P: Que tentativas foram promovidas previamente pelos autores da denúncia junto ao sistema de justiça do Brasil?R: Os povos indígenas atuam diretamente em diversas instâncias, mas a ação penal contra o Presidente da República é de competência privativa do Procurador-Geral da República.




P: Por que a comunicação menciona ecocídio, que não é um tipo previsto no Estatuto de Roma?R: Ecocídio já é interpretado pela Procuradoria do TPI como uma forma por meio da qual se pode dar o cometimento de crimes contra a humanidade e genocídio, ou seja, a destruição do meio ambiente e dos recursos naturais como forma de atacar sistematicamente um grupo. Há, de fato, o debate sobre a sua tipificação. A comunicação da APIB pode colaborar para ambos os casos: avançar na interpretação já dada pela Procuradoria do TPI e estimular o debate internacional sobre uma possível tipificação.A menção ao ecocídio é feita para apontar que os ataques ao meio-ambiente, às matas, às águas, às florestas, ferem de morte a humanidade. Ainda que não haja um tipo penal que o defina no ordenamento jurídico do TPI, o debate decolonial que o apresenta no mundo da vida é urgente. E ele servirá de pano de fundo para comprovar a gravidade do que está acontecendo no Brasil em relação aos crimes tipificados e cometidos contra os povos indígenas (genocídio e crimes contra a humanidade).
P: Por que nenhum ministro (do Meio Ambiente, por exemplo) foi incluído?R: Porque quem manda e é responsável pelas ordens cumpridas pelo Ministro do Meio Ambiente e outros órgãos do governo federal é o Presidente Jair Bolsonaro, mentor da política anti-indígena em curso no Brasil.
P: Como foi a construção deste Comunicado?R: O Comunicado apresentado pela APIB foi construído coletivamente, desde o início.
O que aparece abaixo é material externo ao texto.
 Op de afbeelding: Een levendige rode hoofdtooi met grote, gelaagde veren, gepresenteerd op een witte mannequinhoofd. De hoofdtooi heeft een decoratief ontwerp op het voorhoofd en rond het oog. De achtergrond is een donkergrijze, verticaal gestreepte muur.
Uma peça judicial com essa complexidade demanda a convergência de profissionais diversos para que fosse elaborada.No início do segundo semestre de 2020, representantes da APIB e do Coletivo Advocacia em Direitos Humanos – CADHu e da Comissão Arns (que apresentaram uma denúncia em novembro de 2019 ao TPI, e que segue em avaliação) estiveram em contato com o objetivo de tratar do Comunicado autônomo que a APIB desejava construir.A partir disso, definiu-se uma metodologia para que os advogados e advogadas indígenas pudessem aprender sobre o funcionamento da jurisdição do TPI, os crimes ali previstos, os requisitos de uma denúncia etc.. A APIB convocou lideranças indígenas e organizações parceiras para participar de uma agenda de formação sobre o tema. As oficinas foram realizadas em parceria com a Clínica de Litigância Estratégica da FGV/SP, e contou com vários especialistas sobre temas distintos afetos ao TPI.A partir dessas oficinas, construiu-se um roteiro e houve a formação de grupo de profissionais da APIB, do CADHu, da Comissão Arns e consultores de organizações parceiras para a elaboração da minuta do Comunicado. Esse grupo analisou fontes documentais, normativas, jornalísticas, bem como colheu depoimentos testemunhais para a elaboração da peça. A construção coletiva desse Comunicado durou um período de aproximadamente um ano.